_THE PROBLEM_
Print every line below without adding or leaving out a single word.

_Excerpts from a dataset_

----------------------------------------

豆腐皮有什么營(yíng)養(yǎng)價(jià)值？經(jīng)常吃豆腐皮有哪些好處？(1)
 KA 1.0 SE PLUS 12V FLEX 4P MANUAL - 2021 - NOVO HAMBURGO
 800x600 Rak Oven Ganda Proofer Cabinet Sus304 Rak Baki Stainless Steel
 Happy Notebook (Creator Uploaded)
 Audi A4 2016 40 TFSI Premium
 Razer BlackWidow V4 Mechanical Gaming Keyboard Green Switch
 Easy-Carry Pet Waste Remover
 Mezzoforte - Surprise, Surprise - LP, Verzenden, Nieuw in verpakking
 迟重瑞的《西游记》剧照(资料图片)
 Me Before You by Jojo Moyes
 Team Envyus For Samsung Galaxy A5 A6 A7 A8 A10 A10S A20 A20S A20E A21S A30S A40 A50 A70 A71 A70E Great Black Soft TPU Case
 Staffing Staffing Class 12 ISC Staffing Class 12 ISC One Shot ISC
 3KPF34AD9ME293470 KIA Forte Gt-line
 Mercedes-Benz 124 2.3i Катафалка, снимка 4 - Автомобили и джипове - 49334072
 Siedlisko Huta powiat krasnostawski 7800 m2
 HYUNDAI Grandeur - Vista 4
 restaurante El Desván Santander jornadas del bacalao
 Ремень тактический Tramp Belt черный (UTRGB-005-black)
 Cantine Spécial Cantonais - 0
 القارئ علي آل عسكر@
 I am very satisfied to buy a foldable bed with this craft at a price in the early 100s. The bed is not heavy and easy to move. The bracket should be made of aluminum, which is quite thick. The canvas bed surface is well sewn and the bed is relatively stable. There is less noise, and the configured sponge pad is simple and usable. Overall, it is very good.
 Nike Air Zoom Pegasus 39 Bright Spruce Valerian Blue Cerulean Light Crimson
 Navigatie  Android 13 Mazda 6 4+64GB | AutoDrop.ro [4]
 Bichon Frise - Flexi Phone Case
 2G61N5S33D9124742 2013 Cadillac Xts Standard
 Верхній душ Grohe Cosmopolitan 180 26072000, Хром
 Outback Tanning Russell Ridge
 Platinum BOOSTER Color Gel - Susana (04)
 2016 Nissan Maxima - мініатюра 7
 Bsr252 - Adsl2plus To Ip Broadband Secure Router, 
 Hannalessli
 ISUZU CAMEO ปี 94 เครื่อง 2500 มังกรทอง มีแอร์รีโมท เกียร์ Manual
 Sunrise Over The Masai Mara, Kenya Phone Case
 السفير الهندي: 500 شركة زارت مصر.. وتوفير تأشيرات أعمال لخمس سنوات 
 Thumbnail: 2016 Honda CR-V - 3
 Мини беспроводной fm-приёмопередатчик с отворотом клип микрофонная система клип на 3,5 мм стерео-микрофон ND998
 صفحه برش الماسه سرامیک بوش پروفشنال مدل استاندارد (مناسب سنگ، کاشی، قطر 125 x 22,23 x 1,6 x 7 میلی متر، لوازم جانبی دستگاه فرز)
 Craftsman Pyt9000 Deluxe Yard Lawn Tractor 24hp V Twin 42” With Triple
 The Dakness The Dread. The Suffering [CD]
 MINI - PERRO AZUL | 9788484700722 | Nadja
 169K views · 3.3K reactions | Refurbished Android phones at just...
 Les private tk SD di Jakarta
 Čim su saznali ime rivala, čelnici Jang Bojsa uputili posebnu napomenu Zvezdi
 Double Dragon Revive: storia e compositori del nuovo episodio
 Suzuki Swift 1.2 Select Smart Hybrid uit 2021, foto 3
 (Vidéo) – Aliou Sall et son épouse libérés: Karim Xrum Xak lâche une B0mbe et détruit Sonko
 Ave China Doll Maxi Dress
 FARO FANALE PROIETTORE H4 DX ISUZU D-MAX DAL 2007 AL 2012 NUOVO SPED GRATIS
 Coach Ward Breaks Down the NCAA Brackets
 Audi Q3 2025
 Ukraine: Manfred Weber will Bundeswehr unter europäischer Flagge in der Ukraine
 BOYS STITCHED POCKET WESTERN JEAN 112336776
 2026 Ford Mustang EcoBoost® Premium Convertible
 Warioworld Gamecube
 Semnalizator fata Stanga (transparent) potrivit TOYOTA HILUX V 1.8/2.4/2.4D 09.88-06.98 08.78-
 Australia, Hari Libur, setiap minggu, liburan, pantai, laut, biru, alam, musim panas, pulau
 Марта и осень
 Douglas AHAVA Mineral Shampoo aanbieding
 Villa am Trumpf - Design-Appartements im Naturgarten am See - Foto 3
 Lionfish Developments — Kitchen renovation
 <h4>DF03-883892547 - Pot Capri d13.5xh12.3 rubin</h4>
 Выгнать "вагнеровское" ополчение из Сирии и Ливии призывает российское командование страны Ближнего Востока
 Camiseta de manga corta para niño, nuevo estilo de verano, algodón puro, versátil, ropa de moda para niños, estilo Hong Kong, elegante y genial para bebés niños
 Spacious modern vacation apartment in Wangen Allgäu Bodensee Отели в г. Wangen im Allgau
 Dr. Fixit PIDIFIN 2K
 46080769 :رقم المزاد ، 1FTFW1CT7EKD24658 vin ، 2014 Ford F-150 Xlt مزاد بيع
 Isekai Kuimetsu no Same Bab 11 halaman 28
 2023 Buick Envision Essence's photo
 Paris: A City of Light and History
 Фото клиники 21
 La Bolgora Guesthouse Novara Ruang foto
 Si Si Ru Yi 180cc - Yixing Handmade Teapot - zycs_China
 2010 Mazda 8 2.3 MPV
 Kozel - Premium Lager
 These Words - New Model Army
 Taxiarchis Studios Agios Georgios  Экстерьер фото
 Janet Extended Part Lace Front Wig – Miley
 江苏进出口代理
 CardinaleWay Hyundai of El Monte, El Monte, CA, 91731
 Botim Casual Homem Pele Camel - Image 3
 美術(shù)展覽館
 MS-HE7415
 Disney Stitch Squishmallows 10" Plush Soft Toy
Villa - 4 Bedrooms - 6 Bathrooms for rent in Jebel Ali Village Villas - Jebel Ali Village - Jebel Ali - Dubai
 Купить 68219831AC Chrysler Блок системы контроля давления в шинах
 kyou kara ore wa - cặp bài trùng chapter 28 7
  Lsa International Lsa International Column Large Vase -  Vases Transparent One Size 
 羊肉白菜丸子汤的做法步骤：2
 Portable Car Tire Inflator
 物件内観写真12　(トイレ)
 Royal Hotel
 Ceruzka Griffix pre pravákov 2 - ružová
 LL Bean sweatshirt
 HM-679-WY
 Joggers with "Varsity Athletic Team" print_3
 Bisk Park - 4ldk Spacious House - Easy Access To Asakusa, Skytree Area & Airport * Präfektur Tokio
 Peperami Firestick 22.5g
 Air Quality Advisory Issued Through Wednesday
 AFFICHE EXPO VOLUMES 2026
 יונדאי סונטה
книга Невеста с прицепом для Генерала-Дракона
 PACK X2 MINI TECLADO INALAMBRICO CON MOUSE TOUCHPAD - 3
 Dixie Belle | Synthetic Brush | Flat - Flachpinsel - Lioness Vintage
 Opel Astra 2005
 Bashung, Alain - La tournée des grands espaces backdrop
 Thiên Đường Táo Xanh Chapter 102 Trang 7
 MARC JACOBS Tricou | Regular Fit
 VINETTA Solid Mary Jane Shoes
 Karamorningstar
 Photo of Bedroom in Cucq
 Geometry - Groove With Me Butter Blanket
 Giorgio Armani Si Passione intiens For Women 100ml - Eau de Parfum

----------------------------------------

_RESPONSE AREA_
豆腐皮有什么營(yíng)養(yǎng)價(jià)值？經(jīng)常吃豆腐皮有哪些好處？(1)
 KA 1.0 SE PLUS 12V FLEX 4P MANUAL - 2021 - NOVO HAMBURGO
 800x600 Rak Oven Ganda Proofer Cabinet Sus304 Rak Baki Stainless Steel
 Happy Notebook (Creator Uploaded)
 Audi A4 2016 40 TFSI Premium
 Razer BlackWidow V4 Mechanical Gaming Keyboard Green Switch
 Easy-Carry Pet Waste Remover
 Mezzoforte - Surprise, Surprise - LP, Verzenden, Nieuw in verpakking
 迟重瑞的《西游记》剧照(资料图片)
 Me Before You by Jojo Moyes
 Team Envyus For Samsung Galaxy A5 A6 A7 A8 A10 A10S A20 A20S A20E A21S A30S A40 A50 A70 A71 A70E Great Black Soft TPU Case
 Staffing Staffing Class 12 ISC Staffing Class 12 ISC One Shot ISC
 3KPF34AD9ME293470 KIA Forte Gt-line
 Mercedes-Benz 124 2.3i Катафалка, снимка 4 - Автомобили и джипове - 49334072
 Siedlisko Huta powiat krasnostawski 7800 m2
 HYUNDAI Grandeur - Vista 4
 restaurante El Desván Santander jornadas del bacalao
 Ремень тактический Tramp Belt черный (UTRGB-005-black)
 Cantine Spécial Cantonais - 0
 القارئ علي آل عسكر@
 I am very satisfied to buy a foldable bed with this craft at a price in the early 100s. The bed is not heavy and easy to move. The bracket should be made of aluminum, which is quite thick. The canvas bed surface is well sewn and the bed is relatively stable. There is less noise, and the configured sponge pad is simple and usable. Overall, it is very good.
 Nike Air Zoom Pegasus 39 Bright Spruce Valerian Blue Cerulean Light Crimson
 Navigatie  Android 13 Mazda 6 4+64GB | AutoDrop.ro [4]
 Bichon Frise - Flexi Phone Case
 2G61N5S33D9124742 2013 Cadillac Xts Standard
 Верхній душ Grohe Cosmopolitan 180 26072000, Хром
 Outback Tanning Russell Ridge
 Platinum BOOSTER Color Gel - Susana (04)
 2016 Nissan Maxima - мініатюра 7
 Bsr252 - Adsl2plus To Ip Broadband Secure Router, 
 Hannalessli
 ISUZU CAMEO ปี 94 เครื่อง 2500 มังกรทอง มีแอร์รีโมท เกียร์ Manual
 Sunrise Over The Masai Mara, Kenya Phone Case
 السفير الهندي: 500 شركة زارت مصر.. وتوفير تأشيرات أعمال لخمس سنوات 
 Thumbnail: 2016 Honda CR-V - 3
 Мини беспроводной fm-приёмопередатчик с отворотом клип микрофонная система клип на 3,5 мм стерео-микрофон ND998
 صفحه برش الماسه سرامیک بوش پروفشنال مدل استاندارد (مناسب سنگ، کاشی، قطر 125 x 22,23 x 1,6 x 7 میلی متر، لوازم جانبی دستگاه فرز)
 Craftsman Pyt9000 Deluxe Yard Lawn Tractor 24hp V Twin 42” With Triple
 The Dakness The Dread. The Suffering [CD]
 MINI - PERRO AZUL | 9788484700722 | Nadja
 169K views · 3.3K reactions | Refurbished Android phones at just...
 Les private tk SD di Jakarta
 Čim su saznali ime rivala, čelnici Jang Bojsa uputili posebnu napomenu Zvezdi
 Double Dragon Revive: storia e compositori del nuovo episodio
 Suzuki Swift 1.2 Select Smart Hybrid uit 2021, foto 3
 (Vidéo) – Aliou Sall et son épouse libérés: Karim Xrum Xak lâche une B0mbe et détruit Sonko
 Ave China Doll Maxi Dress
 FARO FANALE PROIETTORE H4 DX ISUZU D-MAX DAL 2007 AL 2012 NUOVO SPED GRATIS
 Coach Ward Breaks Down the NCAA Brackets
 Audi Q3 2025
 Ukraine: Manfred Weber will Bundeswehr unter europäischer Flagge in der Ukraine
 BOYS STITCHED POCKET WESTERN JEAN 112336776
 2026 Ford Mustang EcoBoost® Premium Convertible
 Warioworld Gamecube
 Semnalizator fata Stanga (transparent) potrivit TOYOTA HILUX V 1.8/2.4/2.4D 09.88-06.98 08.78-
 Australia, Hari Libur, setiap minggu, liburan, pantai, laut, biru, alam, musim panas, pulau
 Марта и осень
 Douglas AHAVA Mineral Shampoo aanbieding
 Villa am Trumpf - Design-Appartements im Naturgarten am See - Foto 3
 Lionfish Developments — Kitchen renovation
 <h4>DF03-883892547 - Pot Capri d13.5xh12.3 rubin</h4>
 Выгнать "вагнеровское" ополчение из Сирии и Ливии призывает российское командование страны Ближнего Востока
 Camiseta de manga corta para niño, nuevo estilo de verano, algodón puro, versátil, ropa de moda para niños, estilo Hong Kong, elegante y genial para bebés niños
 Spacious modern vacation apartment in Wangen Allgäu Bodensee Отели в г. Wangen im Allgau
 Dr. Fixit PIDIFIN 2K
 46080769 :رقم المزاد ، 1FTFW1CT7EKD24658 vin ، 2014 Ford F-150 Xlt مزاد بيع
 Isekai Kuimetsu no Same Bab 11 halaman 28
 2023 Buick Envision Essence's photo
 Paris: A City of Light and History
 Фото клиники 21
 La Bolgora Guesthouse Novara Ruang foto
 Si Si Ru Yi 180cc - Yixing Handmade Teapot - zycs_China
 2010 Mazda 8 2.3 MPV
 Kozel - Premium Lager
 These Words - New Model Army
 Taxiarchis Studios Agios Georgios  Экстерьер фото
 Janet Extended Part Lace Front Wig – Miley
 江苏进出口代理
 CardinaleWay Hyundai of El Monte, El Monte, CA, 91731
 Botim Casual Homem Pele Camel - Image 3
 美術(shù)展覽館
 MS-HE7415
 Disney Stitch Squishmallows 10" Plush Soft Toy
Villa - 4 Bedrooms - 6 Bathrooms for rent in Jebel Ali Village Villas - Jebel Ali Village - Jebel Ali - Dubai
 Купить 68219831AC Chrysler Блок системы контроля давления в шинах
 kyou kara ore wa - cặp bài trùng chapter 28 7
  Lsa International Lsa International Column Large Vase -  Vases Transparent One Size 
 羊肉白菜丸子汤的做法步骤：2
 Portable Car Tire Inflator
 物件内観写真12　(トイレ)
 Royal Hotel
 Ceruzka Griffix pre pravákov 2 - ružová
 LL Bean sweatshirt
 HM-679-WY
 Joggers with "Varsity Athletic Team" print_3
 Bisk Park - 4ldk Spacious House - Easy Access To Asakusa, Skytree Area & Airport * Präfektur Tokio
 Peperami Firestick 22.5g
 Air Quality Advisory Issued Through Wednesday
 AFFICHE EXPO VOLUMES 2026
 יונדאי סונטה
книга Невеста с прицепом для Генерала-Дракона
 PACK X2 MINI TECLADO INALAMBRICO CON MOUSE TOUCHPAD - 3
 Dixie Belle | Synthetic Brush | Flat - Flachpinsel - Lioness Vintage
 Opel Astra 2005
 Bashung, Alain - La tournée des grands espaces backdrop
 Thiên Đường Táo Xanh Chapter 102 Trang 7
 MARC JACOBS Tricou | Regular Fit
 VINETTA Solid Mary Jane Shoes
 Karamorningstar
 Photo of Bedroom in Cucq
 Geometry - Groove With Me Butter Blanket
 Giorgio Armani Si Passione intiens For Women 100ml - Eau de Parfum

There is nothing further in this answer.